At about the same time as the Bronze Age barrow in Scotland was being laid down one of the largest ‘towns’ in the British Isles was being founded just across the Irish Sea in county Wicklow, Ireland. Brusselstown Hill has long been known as the site of an ancient hillfort but a recent survey from both the air and ground level has revealed just how extensive and densely populated the site was.

As can be seen in the image below the site consists of two concentric earthen rings containing numerous flat ‘platforms’, that is leveled areas where a hut or roundhouse once stood. The number of platforms within the inner ring has been numbered to be ninety-eight while the number within the outer ring is over five hundred. Based on this number the population of the hillfort must have been in the thousands making Brusselstown one of the largest ‘towns’ in the British Isles at that time.

The platforms themselves come in a variety of diameters indicating different sizes of roundhouse but there does not appear to be any clustering of bigger houses where the ‘nobility’ might live. Instead it appears that Busselstown was rather egalitarian in social structure.

At ground level four test trenches were excavated over areas containing several of the platforms where both artifacts and organic remains were unearthed. Based upon carbon dating of the organic remains Brusselstown has been dated to between 1200 to 400 BCE, from the Bronze thru the Early Iron Age. By the way the artifacts discovered also showed no indication of any difference in social class or status.

Because of the size of the site, along with the other hillforts and archaeological sites in the area, a full understanding of County Wicklow during the Bronze Age may take a long time and a lot of work to complete.

My final study comes from a more recent time, the so-called ‘dark Ages’ between the time when Roman troops abandoned Britain and the Norman Conquest, that is about 400-1100 CE. Researchers from the School of History, Classics and Archaeology at the University of Edinburgh and the Department of Archaeology at Cambridge University have used chemical analysis of the dental enamel from 659 skeletons dated to that period to determine the amount of migration both into and within the British Isles.

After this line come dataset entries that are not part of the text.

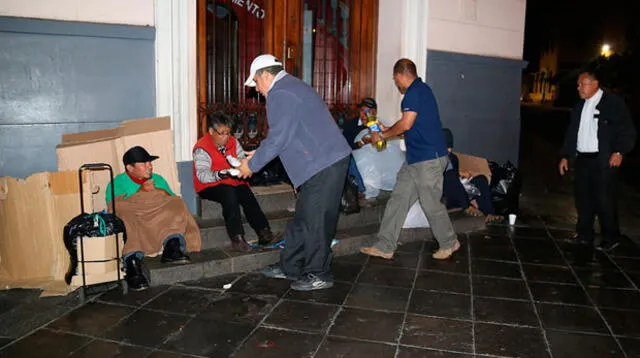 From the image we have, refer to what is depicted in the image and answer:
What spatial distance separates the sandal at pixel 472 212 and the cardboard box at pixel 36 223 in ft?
14.9

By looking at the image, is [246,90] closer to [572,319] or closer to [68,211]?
[68,211]

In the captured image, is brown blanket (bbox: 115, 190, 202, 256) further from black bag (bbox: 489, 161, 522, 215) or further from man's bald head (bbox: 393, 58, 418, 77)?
black bag (bbox: 489, 161, 522, 215)

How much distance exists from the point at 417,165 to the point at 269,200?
1700 millimetres

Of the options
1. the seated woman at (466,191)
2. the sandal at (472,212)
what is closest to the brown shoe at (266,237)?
the seated woman at (466,191)

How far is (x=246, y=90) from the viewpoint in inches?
265

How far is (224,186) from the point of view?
209 inches

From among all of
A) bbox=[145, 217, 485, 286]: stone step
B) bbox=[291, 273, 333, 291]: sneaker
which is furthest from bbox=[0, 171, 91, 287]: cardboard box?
bbox=[291, 273, 333, 291]: sneaker

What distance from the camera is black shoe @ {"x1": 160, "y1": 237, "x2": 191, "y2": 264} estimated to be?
4973 mm

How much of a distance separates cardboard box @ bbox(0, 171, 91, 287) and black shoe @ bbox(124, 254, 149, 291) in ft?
1.78

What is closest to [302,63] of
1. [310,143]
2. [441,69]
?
[441,69]

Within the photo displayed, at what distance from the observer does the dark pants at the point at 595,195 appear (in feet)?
19.8

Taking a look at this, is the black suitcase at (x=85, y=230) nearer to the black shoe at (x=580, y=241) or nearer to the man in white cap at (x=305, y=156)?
the man in white cap at (x=305, y=156)

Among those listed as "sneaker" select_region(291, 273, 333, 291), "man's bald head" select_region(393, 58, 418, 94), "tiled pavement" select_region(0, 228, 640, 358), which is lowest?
"tiled pavement" select_region(0, 228, 640, 358)

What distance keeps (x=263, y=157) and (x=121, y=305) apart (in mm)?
1631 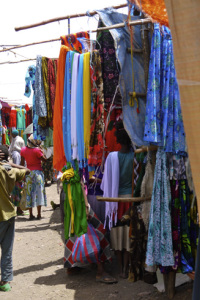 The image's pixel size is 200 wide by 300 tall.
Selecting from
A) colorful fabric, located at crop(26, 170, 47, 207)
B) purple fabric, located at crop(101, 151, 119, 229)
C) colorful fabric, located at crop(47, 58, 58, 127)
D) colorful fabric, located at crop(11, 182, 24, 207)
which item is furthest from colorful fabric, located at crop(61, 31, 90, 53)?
colorful fabric, located at crop(11, 182, 24, 207)

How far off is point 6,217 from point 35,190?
3947mm

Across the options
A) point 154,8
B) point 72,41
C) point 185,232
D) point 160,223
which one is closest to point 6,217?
point 160,223

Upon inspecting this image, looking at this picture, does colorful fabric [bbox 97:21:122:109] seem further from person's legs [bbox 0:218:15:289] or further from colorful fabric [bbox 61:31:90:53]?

You see as a person grows up the enamel of their teeth absorbs various chemicals from the local environment and those chemicals can remain in their teeth for thousands of years after death. Archaeologists can then analyze the proportion of those chemicals to determine whether a person grew up in the place where they were buried. In particular the chemicals used in the study were oxygen and strontium. Most oxygen in nature comes in the form of isotope O16 with a nucleus of eight protons and eight neutrons. A small amount of oxygen, less than one tenth of one percent, comes in the form of O18 with eight protons and ten neutrons.

The interesting part is that the amount of O18 in the environment depends on the climate, warm or cold and the altitude, mountainous or seacoast. A Cold or mountainous environment results in less O18 than normal while warm or seacoast gives more O18 than normal. If a person’s O18 differs from the region where they were buried, then they must have moved to the area where they died. Much the same is true for Strontium isotopes 86 and 87.

What they researchers found was that while the degree of migration changed over time it was still quite large throughout the period 400-1100 CE. Over the whole period about 41.4% of people in the British Isles did not grow up in the place where they later died.

Now once again many of these people were moving from Ireland or Whales into England or within England as well as Vikings coming from Scandinavia or people coming from modern France or Spain. What it does mean is that people in general were on the move during one of the darkest times in European history. The archaeology of the British Isles shows in microcosm just how the people of the past lived and died. Therefore by studying the archaeology of those isles we can learn how to study human pre-history in general.